The cooking analogy is intriguing. Your Thai curry has a few basic ingredients, and cooking is more of an art form than baking, I’d suggest. So the curry will be reasonably successful with a broad range of choice, whereas the baking, because it’s so precise, actually has little choice – you have to follow the recipe or it’ll literally fall flat. The issue, instead of having to think hard, is one of the skill of baking precisely to a recipe with lots of intricacies. It might just be that baking is a very different type of thinking, or simply that you don’t do it enough and if you did, once you mastered the actions of having to juggle with weights and times and temperatures and precise physical skills, like kneading, you might then have to think hard about what other ingredients or times or weights, etc., might do to your cake.
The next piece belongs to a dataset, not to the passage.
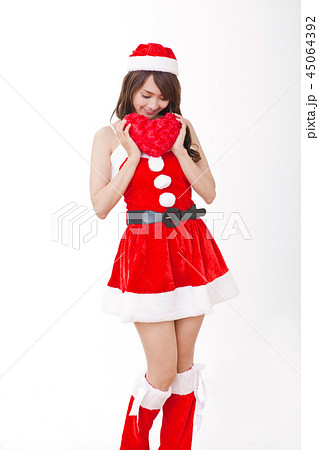 女性 クリスマス サンタの写真素材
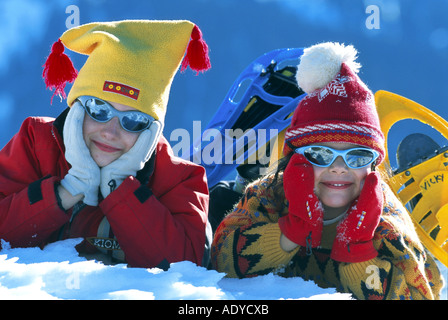 Le ragazze che giace nella neve, indossando occhiali da sole e tappi Foto Stock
As it is, you’re not doing the latter because you’re not in the flow. You can do this with the curry, but you could probably get away with that anyway because the choices are more immediate and less fatal.
Does this make any sense?
My understanding is that Dr. Willingham sought to clarify the description of “having to” think hard in order to learn. The necessity of thinking hard is a given in this discussion, although not for some of the commenters. If I may, it seems that Dr. Willingham is concerned that “having to” do something may imply an external force, coercion, or some such negative connotation, and he concedes that it may be semantics. In this sense, I think David is right to recognize that semantics are important, and if I’m interpreting his use of the phrase “have to” correctly, I agree with him. Conversely, if I’m interpreting Dr. Willingham’s concern with the use of the same phrase as being potentially problematic when others apply a subjective connotation, I see his point too. You’re turning me into a fence-sitter, David, with all your logic and reason!
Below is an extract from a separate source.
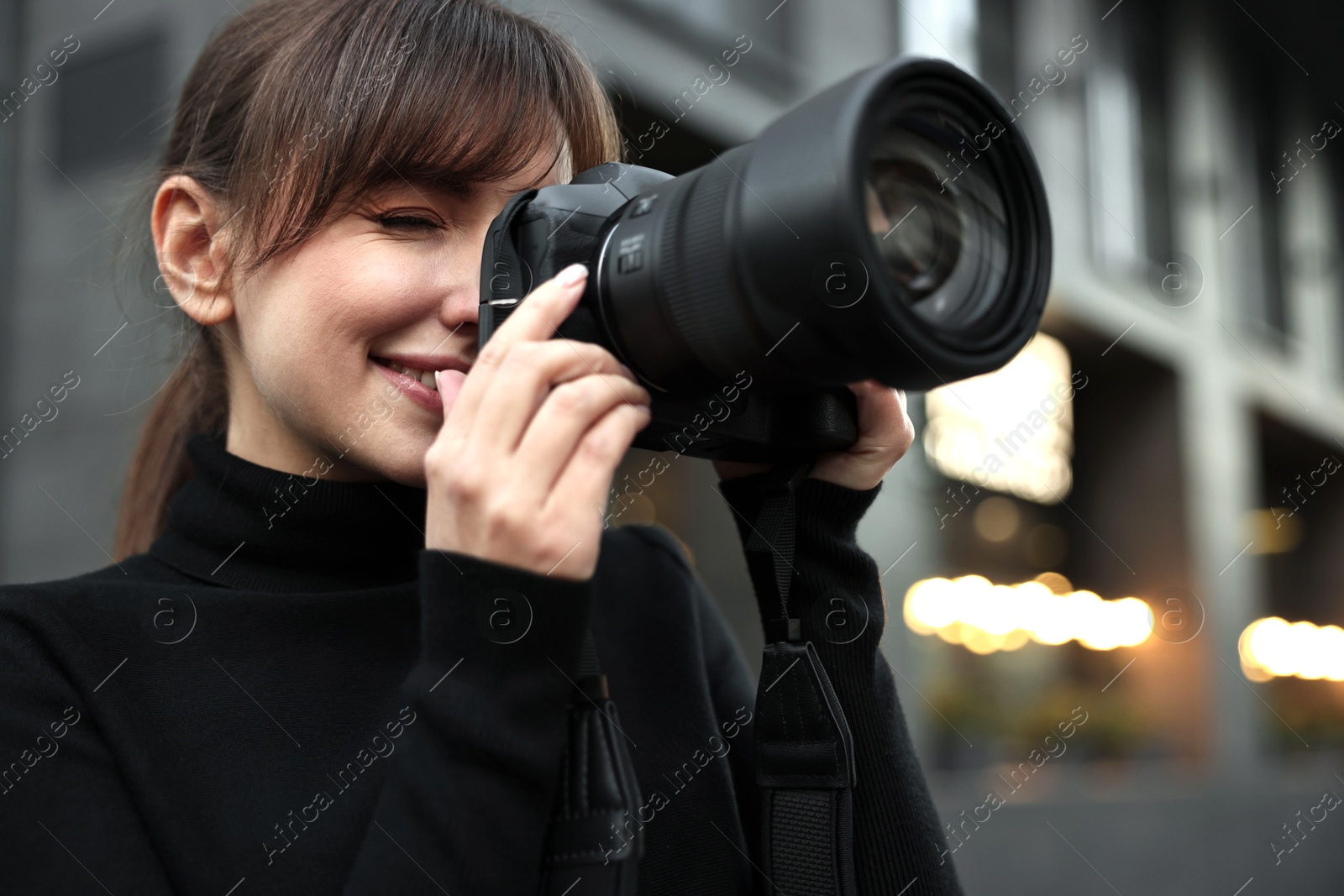 Photo of Professional photographer taking picture with camera outdoors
[…] wrote about a brief online discussion I had with Dan Willingham on the importance of thinking hard. In the comments, Greg Ashman pointed out that thinking hard cannot be the only way in which learning happens, how else, he asks, would we […]
What about when we think hard about something while doing something unrelated/ more automatic. I wonder how much learning takes place beyond the allocated hard thinking time frame.